Nor has he really avoided the high life. In the 1960’s, he entered into a long-term intimate relationship with Katharine Graham, the publisher of the Washington Post Company who, partially through his guidance, became the most powerful and successful businesswoman in American history. He has spent a great deal of his time in New York and Washington, and very much enjoys the company of fellow pooh-bahs.
Having escaped his father’s paranoid outlook, he absorbed the attitudes of Graham’s milieu, and the conservative sensibility that had served him so well in business hardened into the conventional liberal orthodoxy of the East Coast when it came to politics. On trade policy, his ideas came very close to protectionism. He didn’t particularly care for inherited wealth, so he elevated his prejudice into support for a confiscatory estate tax. And with his market-moving powers of speech, he was not above using his policy pronouncements to his own advantage. He might warn about deficits while shorting the U.S. dollar, betting that its purchasing power would drop. The more intrusive regulatory regimes he advocated helped solidify the established corporations he owned in their positions while crowding out the field for smaller competitors.
Buffett’s risk aversion made him a great steward of money, but it meant that his investments were confined primarily to safe business. Technological innovations that would alter and improve society were of little interest to him. He spurned Intel and Microsoft while they were growing, and if he had lived in an earlier time, he would have avoided the railroad, the automobile, the airplane. (He once remarked that nobody made money in those stocks.)
Business and life were inseparable for Buffett, and he could not escape his parsimony in personal dealings. He carefully monitored his wife’s allowance for years after he became spectacularly rich, and he excluded an adopted grandchild from his will. He came to charity relatively late, having for many decades hoarded his wealth apart from the odd foray into a cause like population control in Africa or stopping nuclear war, something that is very difficult to finance.

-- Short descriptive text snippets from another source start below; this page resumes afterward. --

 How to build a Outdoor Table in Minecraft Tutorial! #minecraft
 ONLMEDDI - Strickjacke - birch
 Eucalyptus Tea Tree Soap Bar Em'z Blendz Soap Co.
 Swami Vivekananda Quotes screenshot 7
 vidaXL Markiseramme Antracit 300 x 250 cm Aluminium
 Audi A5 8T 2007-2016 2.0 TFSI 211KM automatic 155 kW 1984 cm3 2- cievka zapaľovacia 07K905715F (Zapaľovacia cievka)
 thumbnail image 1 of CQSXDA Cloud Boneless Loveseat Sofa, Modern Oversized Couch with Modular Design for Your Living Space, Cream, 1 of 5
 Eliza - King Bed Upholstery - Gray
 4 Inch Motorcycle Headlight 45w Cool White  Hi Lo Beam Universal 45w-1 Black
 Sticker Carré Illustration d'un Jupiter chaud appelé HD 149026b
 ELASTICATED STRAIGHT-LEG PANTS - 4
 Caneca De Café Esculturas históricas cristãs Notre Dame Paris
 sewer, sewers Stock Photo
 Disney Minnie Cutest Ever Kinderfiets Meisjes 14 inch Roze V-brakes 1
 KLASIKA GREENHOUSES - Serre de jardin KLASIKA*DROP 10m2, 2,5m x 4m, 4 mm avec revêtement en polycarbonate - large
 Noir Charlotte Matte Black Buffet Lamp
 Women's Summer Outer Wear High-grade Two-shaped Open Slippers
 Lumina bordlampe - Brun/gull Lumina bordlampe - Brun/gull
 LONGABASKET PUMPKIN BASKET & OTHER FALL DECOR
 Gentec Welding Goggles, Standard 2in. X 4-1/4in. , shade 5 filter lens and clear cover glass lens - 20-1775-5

Through Bill Gates, who became his friend in the 1980’s, Buffett came to admire the ideas of Andrew Carnegie, whose The Gospel of Wealth (1889) advised rich men to give everything away. But in disposing of his own money as generously as he has, Buffett has displayed a poverty of imagination. He wrote a colossal check to the Gates Foundation, but provided no real sense of what he thought might be accomplished with it.
There is no question that Buffett has been a genuinely noble businessman, that he has done more than right by his investors, in part because he has made certain to share the risks he has taken with their money. His honesty, forthrightness, and good sense do seem almost heroic, especially at this moment. But unlike other men of extraordinarily great wealth in American history who have preceded him, who built lasting institutions and made lasting contributions to the public weal, Warren Buffett will, it appears, leave no monument. In the end, no matter how large it becomes, a snowball always melts.